In the shadows that envelop Stoney Creek, Luka Kovacic is not an easy target for a photograph.

The 12-year-old is on a mission, walking against the creek’s current. Waders and boots keep him dry, with the water reaching in some places up past his knees and in others just to his ankles.

He’s leading his mother, Suzana Kovacic, who struggles to keep up. It’s her first time participating in the salmon count. Luka, on the other hand, is much more experienced.

His whole childhood, he marvelled at the creek and wanted to get that up-close perspective of the waters that run behind his house. Ever since he and his father, George Kovacic, connected with the Stoney Creek Environmental Committee several years ago, he’s had his excuse to get his boots wet—at the annual salmon run.
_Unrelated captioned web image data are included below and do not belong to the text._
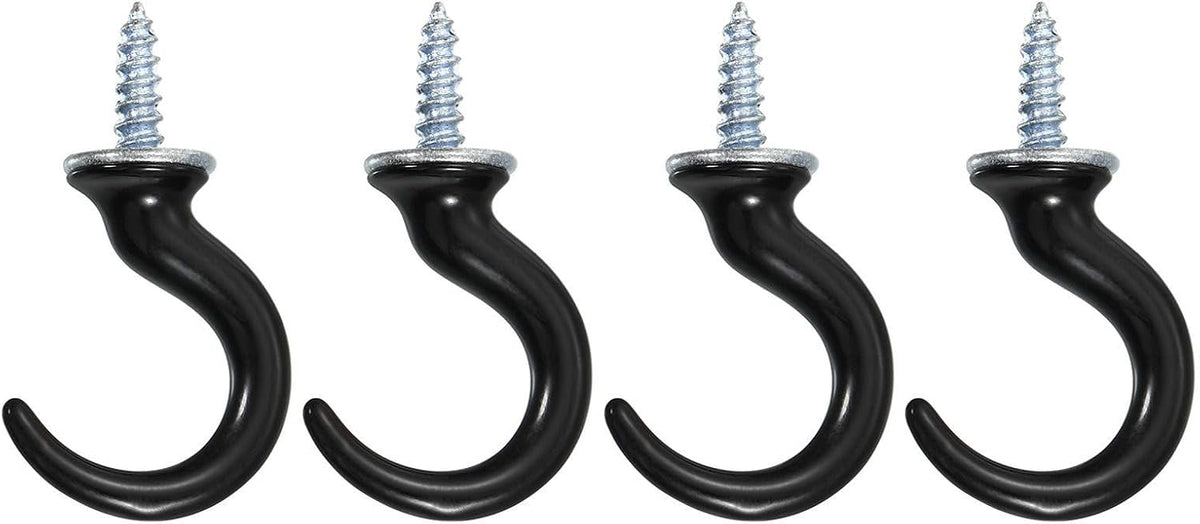 ya 26 10.21 baidi 4 Pcs 1.9 x 1.1 Ceiling Hook, Screw-in Ceiling Orchid Hook, Black-2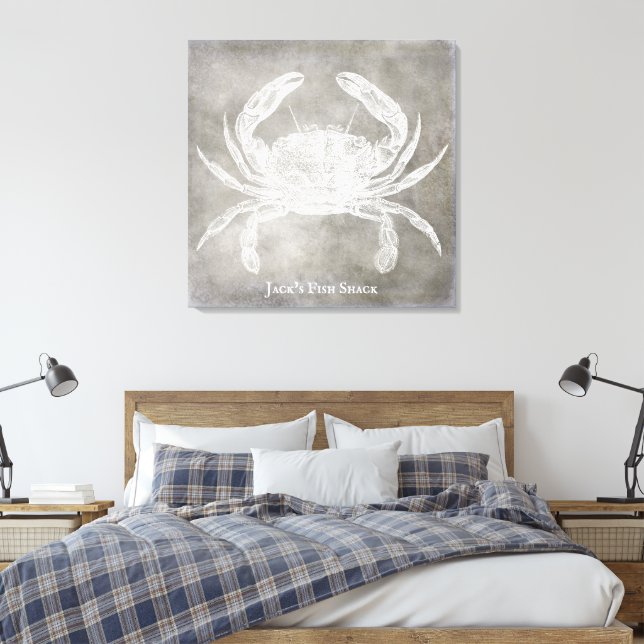 Toile Aquarelle personnalisée de crabe Côtier neutre (Insitu(Chambre))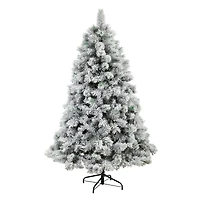 6ft. Pre-Lit Flocked Oregon Pine Artificial Christmas Tree, Clear Lights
As Suzana cautiously steps from stone to stone, she jokes that Luka won’t let her take the easy route. The loose gravel, where her boots would more easily gain purchase, mustn’t be disturbed—that’s where the salmon lay their eggs.

Luka, meanwhile, charges well ahead of her, having the act of walking through the creek inscribed to muscle memory. And with his sharp eye, he’s taking the role of spotter, while Suzana marks down his findings.

A male fish here; a couple females there; a mort (that is, a dead fish) down the way.

A bad start

Twelve-year-old Luka Kovacic and his mother, Suzana, participate in the annual salmon count in Stoney Creek in fall 2021. (Dustin Godfrey / Burnaby Beacon)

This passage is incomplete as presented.